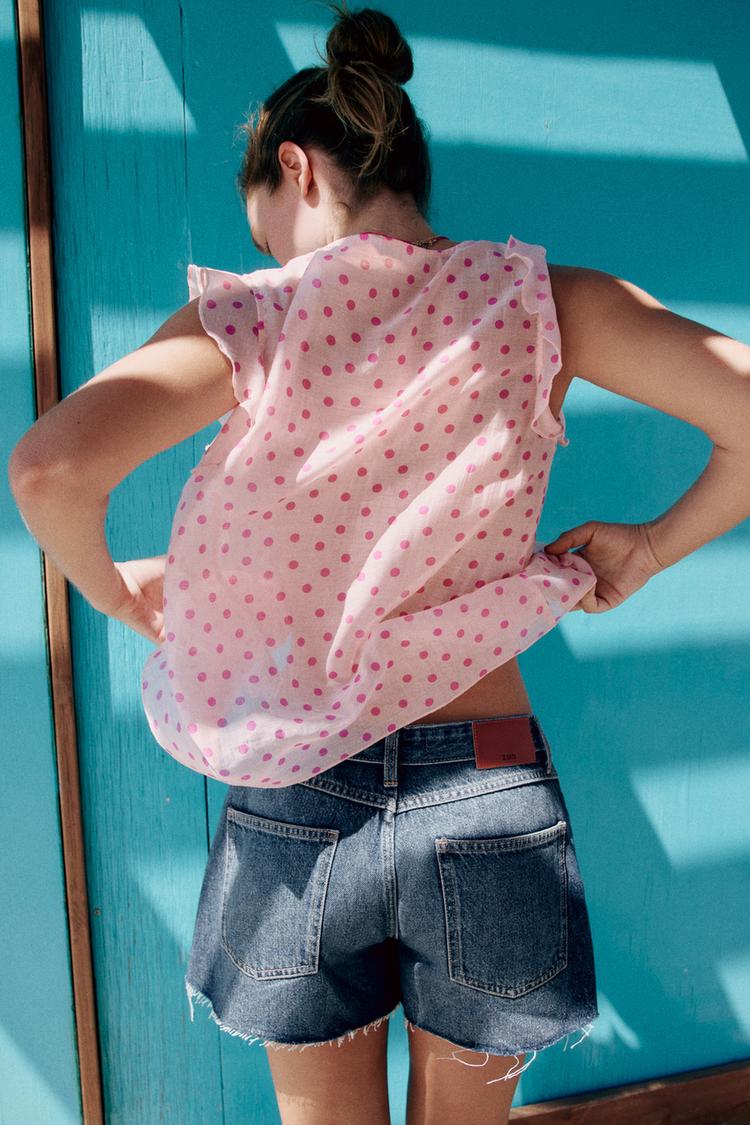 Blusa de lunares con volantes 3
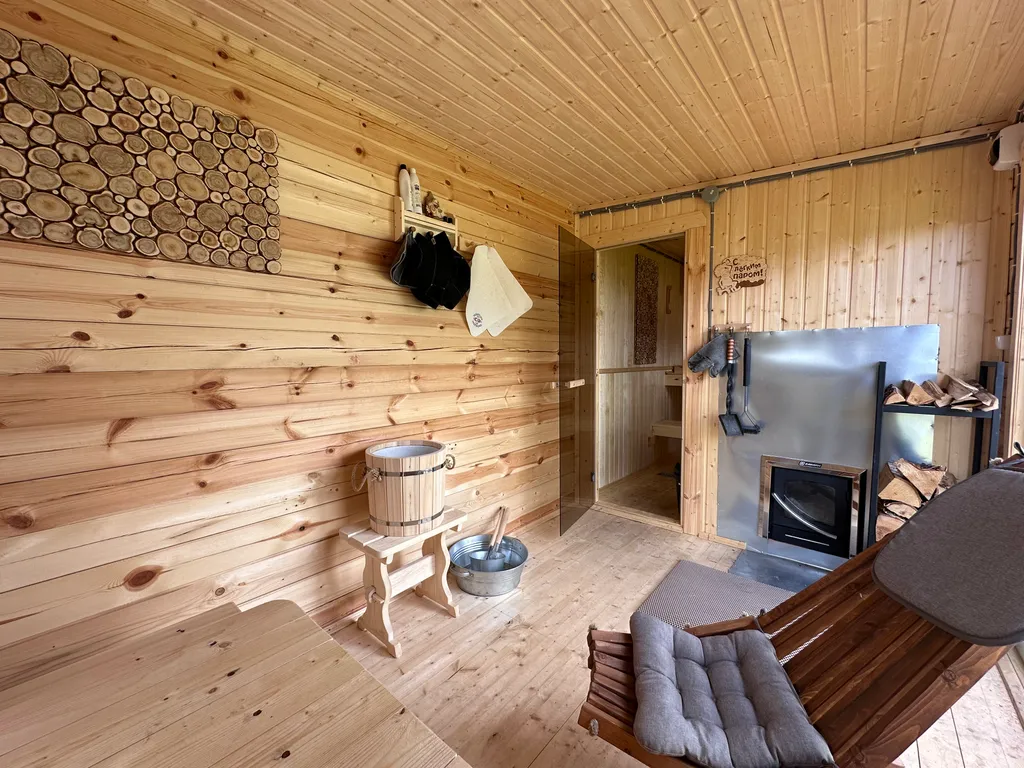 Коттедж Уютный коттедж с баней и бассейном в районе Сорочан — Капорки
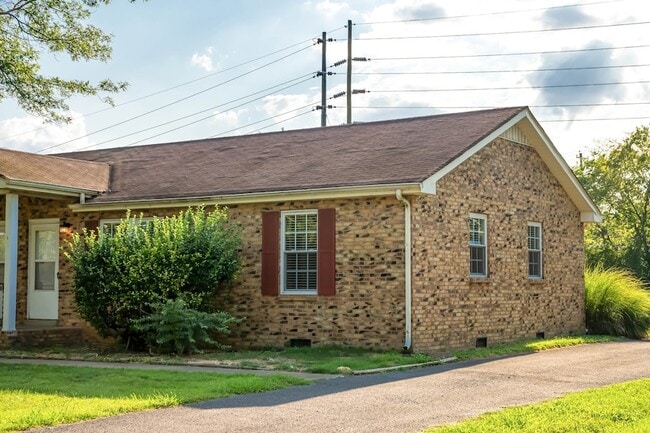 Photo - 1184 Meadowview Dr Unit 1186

...

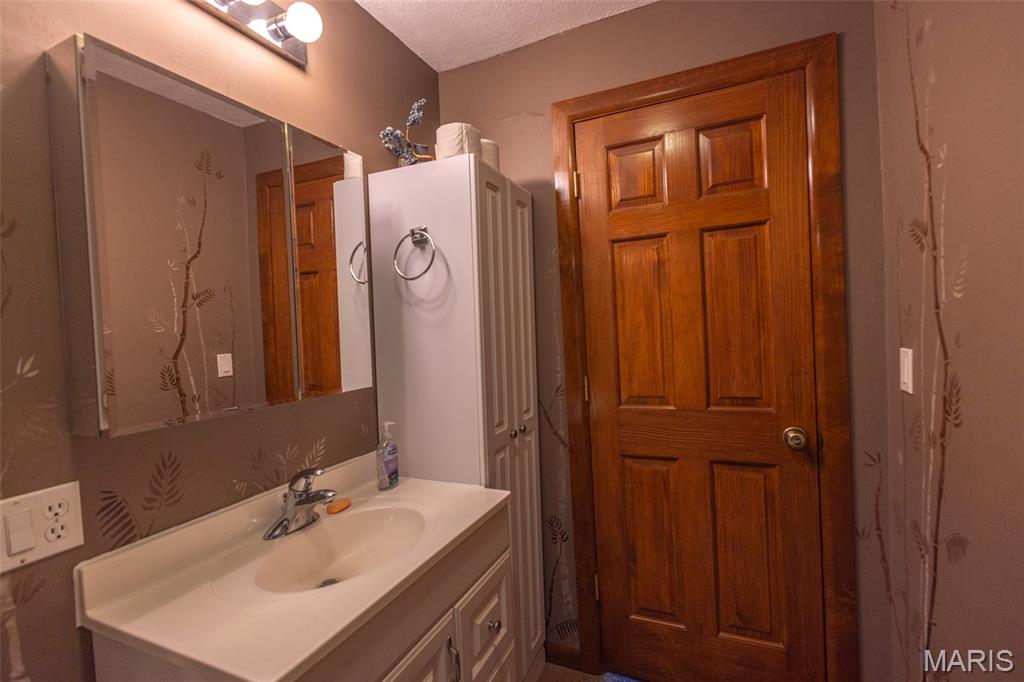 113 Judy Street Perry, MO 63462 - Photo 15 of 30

> [PROBLEM DESCRIPTION] Give again the stretch of lines above from the one with "Blusa de lunares con volantes 3" through the one with "Photo - 1184 Meadowview Dr Unit 1186", both ends kept, and copy no pictures.

> [RESPONSE TO THE EXERCISE]
 Blusa de lunares con volantes 3
 Коттедж Уютный коттедж с баней и бассейном в районе Сорочан — Капорки
 Photo - 1184 Meadowview Dr Unit 1186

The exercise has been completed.